4 Māori Made Easy: For everyday learners of the Māori language by Scotty Morrison (Penguin Books, $38)

Required reading for generations of New Zealanders.

5 Normal People by Sally Rooney (Faber, $33)

The novel that many thought ought to have won the 2018 Man Booker award.

6 Milkman by Anna Burns (Faber, $33)

The novel that won the 2018 Man Booker award.

7 Past Tense by Lee Child (Bantam, $38)

Reacher.

8 Karori Confidential by Leah McFall (Luncheon Sausage Books, $25)

Luncheon Sausage Books is on a roll: the boutique publisher has two books in the top 10 this week – poetry at number two, and witty, luminous columns at number eight, the latter by Sunday magazine’s Leah McFall, who has written one of the best New Zealand books of the year.

9 Brief Answers to the Big Questions by Stephen Hawking (John Murray, $35)

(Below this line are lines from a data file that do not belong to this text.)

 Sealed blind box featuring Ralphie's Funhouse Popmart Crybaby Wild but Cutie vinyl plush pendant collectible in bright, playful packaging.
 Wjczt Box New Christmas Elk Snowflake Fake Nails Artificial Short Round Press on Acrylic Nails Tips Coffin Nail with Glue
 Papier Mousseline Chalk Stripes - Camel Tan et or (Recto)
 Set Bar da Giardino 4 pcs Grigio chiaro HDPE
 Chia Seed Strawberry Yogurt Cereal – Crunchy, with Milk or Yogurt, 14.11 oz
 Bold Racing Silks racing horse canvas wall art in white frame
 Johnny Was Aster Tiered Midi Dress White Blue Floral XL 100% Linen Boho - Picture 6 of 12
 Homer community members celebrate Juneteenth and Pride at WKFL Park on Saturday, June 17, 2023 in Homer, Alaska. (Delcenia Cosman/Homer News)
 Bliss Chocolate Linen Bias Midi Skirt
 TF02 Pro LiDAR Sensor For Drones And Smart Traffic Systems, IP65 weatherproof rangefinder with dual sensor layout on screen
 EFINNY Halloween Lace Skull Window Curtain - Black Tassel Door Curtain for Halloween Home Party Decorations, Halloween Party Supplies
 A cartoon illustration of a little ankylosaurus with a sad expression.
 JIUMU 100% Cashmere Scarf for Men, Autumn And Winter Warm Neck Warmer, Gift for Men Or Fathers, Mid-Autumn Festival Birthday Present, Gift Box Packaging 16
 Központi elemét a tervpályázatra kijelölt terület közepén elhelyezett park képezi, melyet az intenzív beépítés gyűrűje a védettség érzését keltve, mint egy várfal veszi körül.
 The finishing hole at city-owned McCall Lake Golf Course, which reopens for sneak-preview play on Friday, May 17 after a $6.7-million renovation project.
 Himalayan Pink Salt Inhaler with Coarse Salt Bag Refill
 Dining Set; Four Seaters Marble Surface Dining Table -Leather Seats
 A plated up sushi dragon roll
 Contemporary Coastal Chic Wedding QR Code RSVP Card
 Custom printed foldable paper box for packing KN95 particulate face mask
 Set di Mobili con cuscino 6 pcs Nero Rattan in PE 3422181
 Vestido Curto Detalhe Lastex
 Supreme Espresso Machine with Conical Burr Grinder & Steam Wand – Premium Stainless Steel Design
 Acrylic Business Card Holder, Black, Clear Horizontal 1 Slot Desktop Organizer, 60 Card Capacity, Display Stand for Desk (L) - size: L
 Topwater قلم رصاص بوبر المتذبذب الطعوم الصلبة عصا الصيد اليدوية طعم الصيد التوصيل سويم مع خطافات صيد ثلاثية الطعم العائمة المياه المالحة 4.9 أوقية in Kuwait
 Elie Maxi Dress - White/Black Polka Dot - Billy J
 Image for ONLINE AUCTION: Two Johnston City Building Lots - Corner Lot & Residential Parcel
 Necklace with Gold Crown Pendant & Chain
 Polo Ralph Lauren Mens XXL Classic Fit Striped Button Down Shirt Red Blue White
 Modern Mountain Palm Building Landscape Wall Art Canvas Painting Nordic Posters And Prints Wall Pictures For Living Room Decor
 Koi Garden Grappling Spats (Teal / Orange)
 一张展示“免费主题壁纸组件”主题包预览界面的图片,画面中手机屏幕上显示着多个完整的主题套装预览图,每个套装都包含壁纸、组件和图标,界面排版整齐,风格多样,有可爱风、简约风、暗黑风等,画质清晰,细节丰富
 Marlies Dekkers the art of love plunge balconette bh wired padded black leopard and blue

“Certain of Hawking’s assertions may be considered questionable and at times myopic. As an ardent advocate of space travel, he believes, ‘Not to leave planet Earth would be like castaways on a desert island not trying to escape.’ Indeed, he goes much further and claims that space colonization is the only hope for the survival of the human race after the ‘almost inevitable’ destruction of Earth, which he predicts will happen within the next 1000 years”: Science magazine.

10 Simple by Yotam Ottolenghi (Ebury Press, $60)

We look forward to the forthcoming review by Linda Burgess.

AUCKLAND UNITY

1 The Subtle Art of Not Giving A Fuck by Mark Manson (MacMillian, $35)

Manson’s next book, due for release in April-May 2019, has the working title Everything is Fucked: A book about hope.

2 Flame by Leonard Cohen (Canongate, $45)

You told me again you preferred handsome men
But for me you would make an exception

3 Milkman by Anna Burns (Faber & Faber, $33)

4 Ice Monster by David Walliams & Tony Ross (Harper Collins, $25)

Walliams! Ugh. Illustrated story of an orphan and a woolly mammoth for ages 7-12, from the awesome children’s bookstore Little Unity at 31 Vulcan Lane right next to big Unity.

5 Written in History: Letters that changed the world by Simon Sebag Montefiore (Widenfeld & Nicholson, $40)

Correspondence.

6 Conversations with Friends by Sally Rooney (Faber & Faber, $23)

“A menage a quatre in post-crash Dublin tests the bonds between close friends….Rooney writes so well of the condition of being a young, gifted but self-destructive woman, both the mentality and physicality of it”: Guardian.

7 The Little Prince by Antoine de Saint-Exupery (Collectors Library, $15)

A new edition of the 1943 classic, from the awesome children’s bookstore Little Unity at 31 Vulcan Lane right next to big Unity.

8 Past Tense by Lee Child (Bantam, $38)

9 Animalphabet by Julia Donaldson & Sharon King-Chai (Two Hoots, $28)

Fold-out elephants and such for pre-schoolers, from the awesome children’s bookstore Little Unity at 31 Vulcan Lane right next to big Unity.

10 Bridge of Clay by Markus Zusak (Picador, $38)

A YA novel – narrated by Death! – from the awesome children’s bookstore Little Unity at 31 Vulcan Lane right next to big Unity.